The recent approval by the federal government’s first American project for offshore wind farm, Cape Wind project, and the immeasurable ecological disaster of oil spill in the Gulf of Mexico appear to have given a boost to final implementation program of offshore renewable energy in the United States, including offshore wind program. Thus, according to the Canadian edition of the newspaper business, the Governor of Maine, John Baldacci, has signed a bill that led the States to produce, through offshore wind in the Atlantic 5GW of energy from renewables by 2030, twice its current level of total energy consumption.
The bill requires state officials in Maine to begin the development of renewable marine resources “as soon as possible” and “without compromising the environment.” The Maine Public Utilities Commission will oversee the tendering and selection of project leaders invited to propose pilot wind farms of 25 MW located in deep water. It is also planned by the committee of managing pilot projects in parks and tidal stream or tidal area that can produce up to 5 MW. According to Governor Baldacci, everything has been provided in this Act by the legislature to ensure maximum transparency in the authorization to be given to the establishment of offshore projects. The bill complements a proposal to borrow $11 million that the state of Maine will ask voters to approve in early June 2010 and its purpose: to fund research and development of demonstration sites wind at sea as well as the birth of an industry manufacturing infrastructure in Maine. Baldacci says: “The success will depend on innovative leadership and a unique public-private partnership. For too long we have been dependent on fossil fuels to heat our homes, power our industries and transport goods and people. Together we will take the path of clean, renewable energy and we get out of oil consumption.”
And even if Maine dependent on imported fossil fuels for about 85% of its total energy needs, there is no doubt that the oil slick effect has borne fruit and accelerates decision making. Last year, the State of Maine has selected three sites for sea trials of prototype wind turbines and giant floating blades which were to be built and ultralight material which should benefit from anchoring systems and stabilization unpublished, but nothing had been realized. Today, not only we like to remember that these selected sites are located in the territorial waters of Maine and require no federal license, but it also produces a precise plan of development. A consortium led by Mr Dagher and trained with the AEWC (University of Maine’s Advanced Structures and Composites Center) has set dates:
– The first pilot wind of 30 meters high will be deployed in 2012 off Monhegan.
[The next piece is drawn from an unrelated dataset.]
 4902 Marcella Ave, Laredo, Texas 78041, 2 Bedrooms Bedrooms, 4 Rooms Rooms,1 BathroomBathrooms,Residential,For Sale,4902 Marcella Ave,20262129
– A second wind of 90 meters (actual size) will be deployed two years later.
– Between 2014 and 2016, the team plans to build a Dagher reducing wind park consisting of five windmills that will produce 25 MW offshore and employ 320 people.
– An intermediate phase is to build an initial fleet of 200 turbines producing 1,000 MW and employing 4,500 people by 2020.
– The final phase will involve construction from March to July slices (various capacities) between 2020 and 2030 totaling March to July by GW and work from 7000 to 15000 people.
Estimated cost to date of operation: $20 billion.